Find max value without grouping

This pipeline will return the maximum value for each unique group in column ‘A’

-> group(
by: A,
select: {max: {A, max(B)}}
)
-> save(name: 'output')

so

A,B
a,1
a,4
g,3
g,2

will return

max.A,max.max_B
a,4
g,3

I would like to get the maximum value in column ‘B’ but removing the group function

input(relation: 'test.csv')
-> select({max(B)})
-> save(name: 'output')

gives the error

Failed to validate model for execution
  - Failed to validate 'select({max(B)})' step for execution
    - Failed to validate expression '{max(B)}' against input type {A=>Text, B=>Text}
      - Problems found with 'max' riskscape function
        - Wrong number of arguments provided. Expected 2, but got 1

How can I use max with a column of data outside of a group function?

Hi John,

Why do you want to get rid of the group step?

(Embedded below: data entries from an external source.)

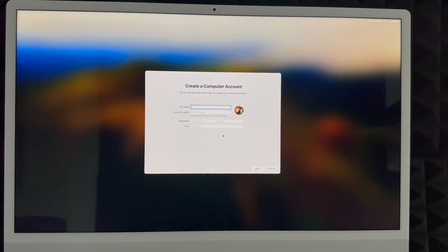Whether you skipped or created an Apple ID, you'll see a terms screen — click Agree twice. Next, create your Mac account. You can enter your full name and an account name, which can be shorter. Create a password that makes sense to you and optionally add a hint. Your account name is important — it's your home folder, and while it can be changed later, it's a hassle, so choose carefully.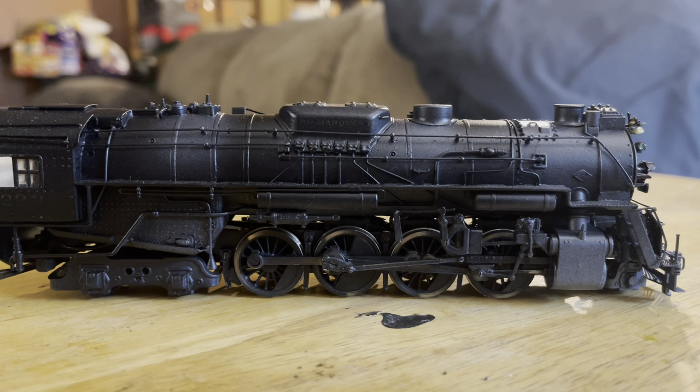One other thing I forgot to mention: I wanted to give the locomotive a shiny brass builder's plate. I tried a technique to get that effect, but I could not get it to work properly on this locomotive, so I had to exclude it. And there it is — our first airbrushed locomotive. Thanks for watching.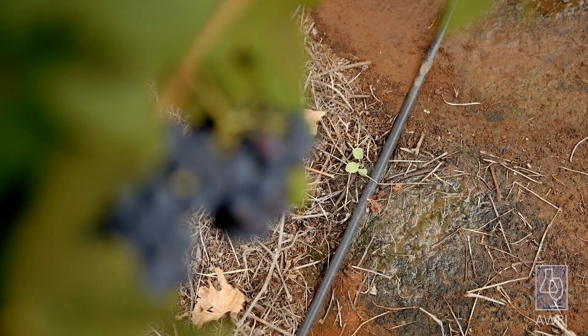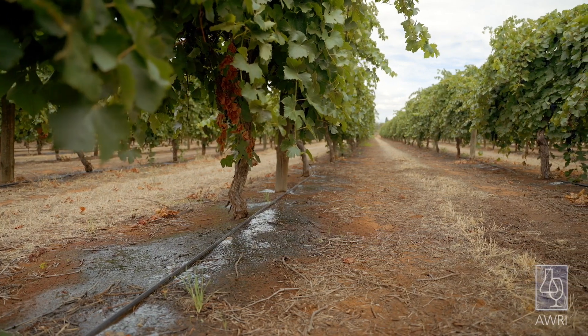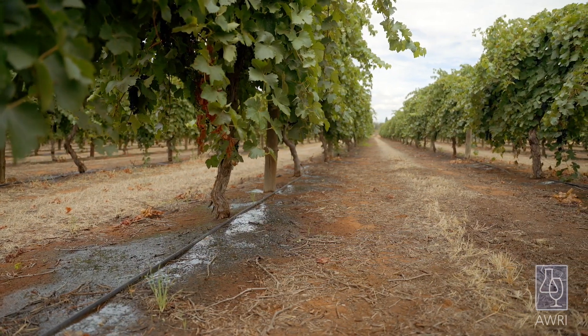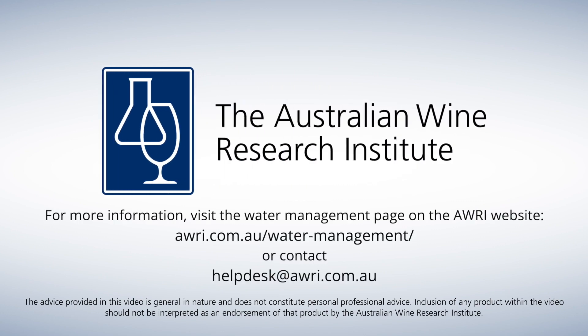Variation in dripper discharge of more than plus or minus five percent from the manufacturer's recommendations indicates an issue with the system. A follow-up video on irrigation system maintenance explains how to address any issues that are identified. And there's a lot more information on irrigation system monitoring and maintenance on the water management page of the AWRI website.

Basically the group step aggregates across several rows of data, whereas the select step processes each row of data separately (i.e. it operates on a scalar value). So the select step only ever sees one value for column B at a time.

The slightly confusing thing here is that the max() function can be used both in scalar-mode (i.e. select step) and aggregate-mode (i.e. group step). In the scalar version it expects to compare two numbers and return the higher number, e.g. max(B, C). This is why it’s giving you this error.

If all you want to do here is get the max across all the rows of data, then you could just remove the by clause from the group step, i.e.

input(relation: 'test.csv')
-> group({max(B)})
-> save(name: 'output')

Cheers,
Tim

1 Like